Num estalar de dedos, os liberais de modess começaram a achar bonito o armamento civil. No mesmo átimo, formou-se um consenso entre as pessoas que fazem questão de ficar bem na fita: Pútin é o novo Hitler, e não apoiar incondicionalmente a Ucrânia é o equivalente moral de um nazista. Se você disser que a Ucrânia tem uma milícia neonazista reconhecida pelo Estado, vão dizer que é propaganda russa. Se você disser que a milícia neonazista antirrussos atua em Donbass, uma área de maioria russa, vão continuar repetindo que a área era pacífica e Pútin invadiu do nada. Se você falar do Acordo de Minsk, vão dizer que a URSS, e não a Rússia, o assinou – sendo que o acordo é de 2014! Depois de ficar prostrada com as redes sociais, me perguntando se endoideci eu ou todo mundo, bati-me com o vídeo mais novo de Tucker Carlson. Ele contava que nos Estados Unidos os Democratas estão querendo censurar canais de TV como a Fox News por terem discurso pró-Rússia.
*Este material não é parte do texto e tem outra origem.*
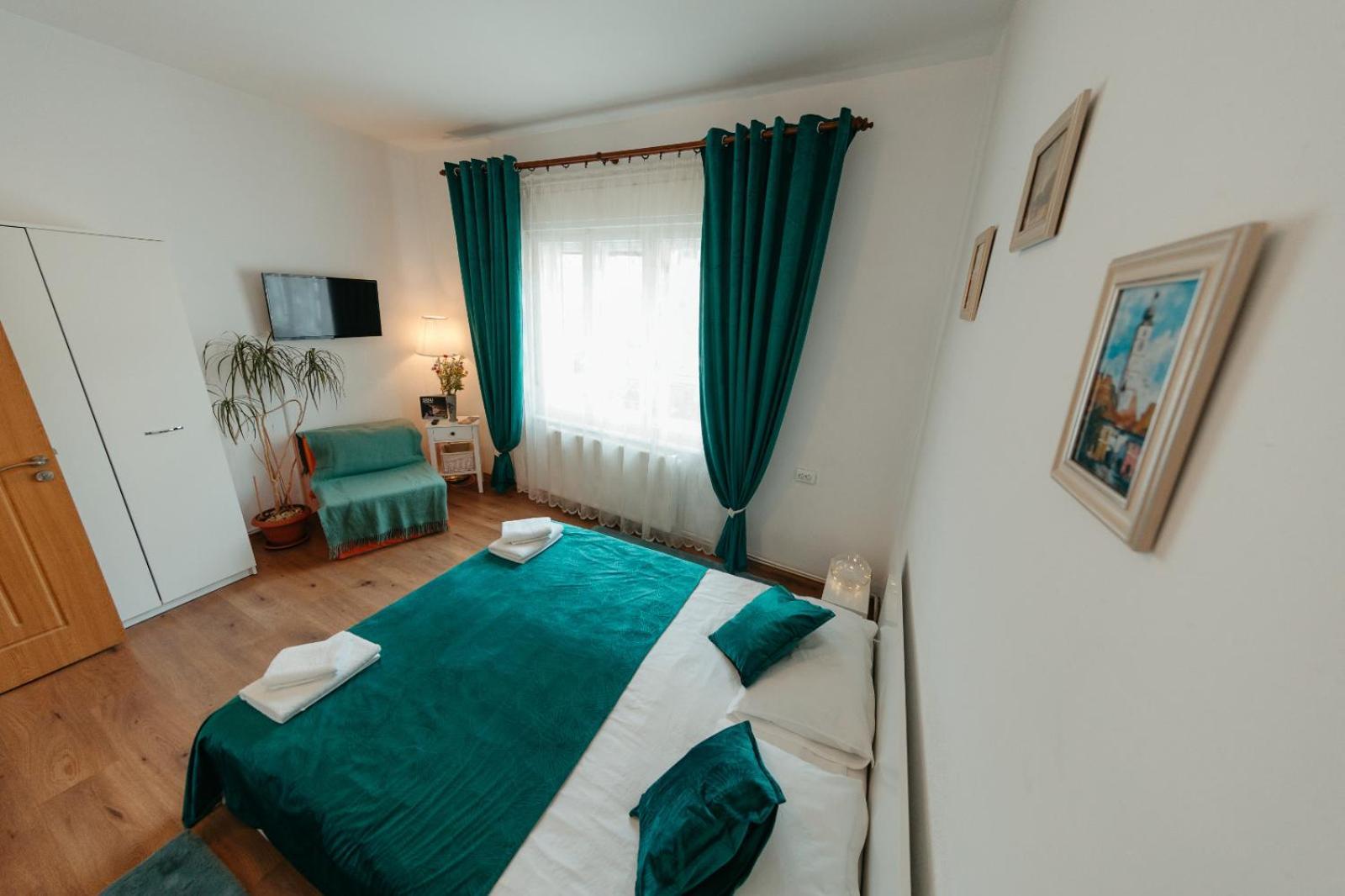 Flh - Apartament Mai Cu Aroma De Cafea Si Ceai Hermannstadt Exterior foto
Dizem que tem que censurar os compatriotas além dos veículos russos RT e Sputnik, que foram censurados na União Europeia. (https://www.youtube.com/watch?v=vx-SqVzg_2Q)
E como esse povo se informa? Há uma grande abundância de correspondentes ocidentais na Ucrânia? Nada disso. A fonte são tuítes de autoridades ucranianas. A BBC até pegou o perfil verificado do Ministério da Defesa da Ucrânia espalhando mentiras, junto com mais uma pá de selo azul. Tudo dizendo que os ucranianos estão dando um trabalho danado para os russos. O povo vê isso, junta com as imagens de mulheres bonitas segurando fuzis, e pronto: a verdade é que os Anjos da Ucrânia estão expulsando os Demônios da Rússia. E quem não acha que o mundo se divida assim entre anjos e demônios só pode ser um demônio também.
A pandemia saiu de cena. Com ela, quem não engolisse sem pestanejar um prato de certezas era chamado de “negacionista” – termo tradicionalmente usado para se referir a quem nega a existência do Holocausto; ou seja, a simpatizantes do nazismo. Agora quem não toma partido da Ucrânia sem pestanejar é tão ruim quanto um nazista.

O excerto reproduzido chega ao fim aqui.